You finally have to conclude that in order to achieve its goal of depicting immigrants in ways that make them look good, Little America also has to make America look good. For a lot of the characters here, “the land of opportunity” is something they both believe in, and make true through their own hard work and ingenuity. It’s also a gentler, more welcoming place than the one you see in most discussions of immigration nowadays. Requests for asylum take time to process, but eventually they’re granted. Undocumented immigrants are naturalized. And racism and xenophobia are almost entirely absent. Characters experience only the mildest of microaggressions—while attending a fundraiser for her squash league, the heroine of “The Jaguar” is embarrassed when one of the guests realizes that her mother cleans another guest’s house; a policeman struggles with an unfamiliar surname—and are more often greeted with good-natured acceptance. When Coutinho’s Beatrice balances a basket on her head in “The Baker”, her American friends pronounce it a “superpower”, and urge her to use it as a marketing gimmick for her cookie business. In “The Cowboy”, Conphidance’s Iwegbuna struggles to connect with his professor due to a combination of personal and cultural hang-ups, but bridges the gap that alienates him from American culture when he embraces a cowboy persona, an effort at which he’s quietly aided by several Oklahoma locals.

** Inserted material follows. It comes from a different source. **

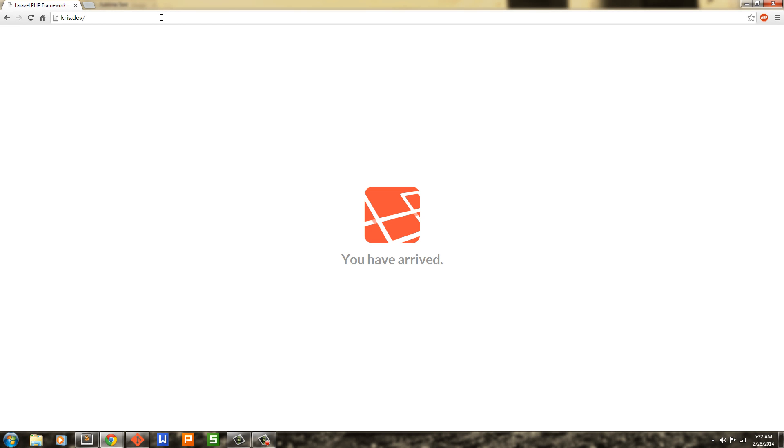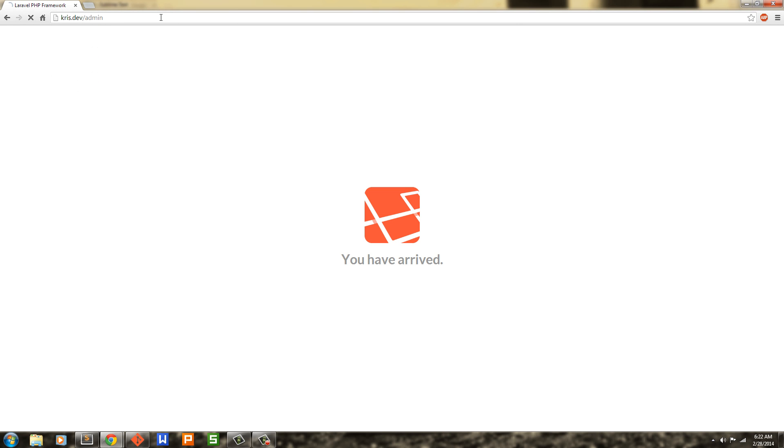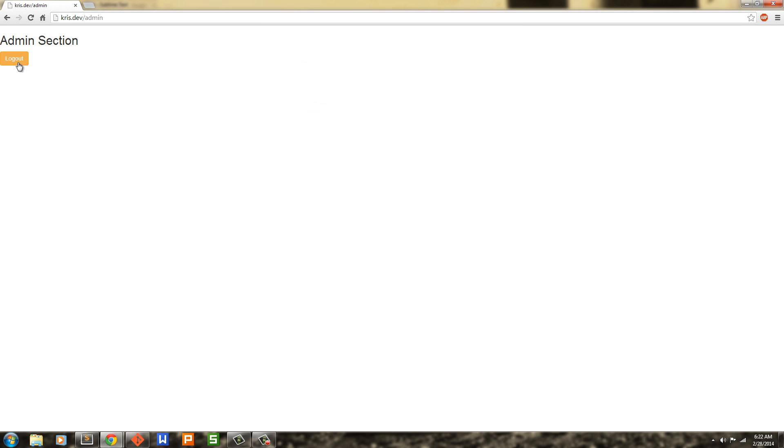And now if we type admin, it kicks us to the login route, which is what it should be doing. And then if we type in our email address and our password, now it takes us to the admin section.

Perhaps the closest the series comes to criticizing the US’s immigration policies is in “The Manager”, in which twelve-year-old Kabir (Ishan Gandhi), whose parents have been forced to return to India while they await a decision about their asylum request, hatches a plan to get to the final of the national Spelling Bee in order to meet first lady Laura Bush, and plead his parents’ case. He’s met with kind but ultimately empty words, but the episode’s happy ending, in which Kabir’s parents are finally able to return to the US, soothes the sting of that response.

It’s notable, in fact, that the hardship Little America‘s characters experience almost always comes from elsewhere. Iwegbuna, who had originally planned to return to Nigeria at the end of his studies, decides to stay in America after a military coup in his country. In “The Grand Prize Expo Winners”, Lin’s Ai struggles with her children’s increasing distance not only out of ordinary maternal attachment, but because of her own experiences of being passed from one adoptive family to another due to China’s One Child Policy. Most notable is the season’s final episode, “The Son”, in which a gay Syrian cook (Haaz Sleiman) flees violence after his family discovers his sexual orienation, and finds acceptance and camaraderie in the US. In a season that is pointedly gentle, this is the most violent episode, with multiple shots of bruised and battered bodies. It’s also the one episode that takes place almost entirely outside the US’s borders, which doesn’t feel like a coincidence.

As much an act of propaganda as it is an act of storytelling, Little America may teach us what it takes to get audiences to sympathize with immigrants in the face of rampant vilifaction by politicians and the media. Empathy, yes, but also no small amount of pandering and self-congratulation. It’s a good show, and the stories it tells are uplifting and inspiring, but under the surface it is also very canny and calculated—probably with good cause.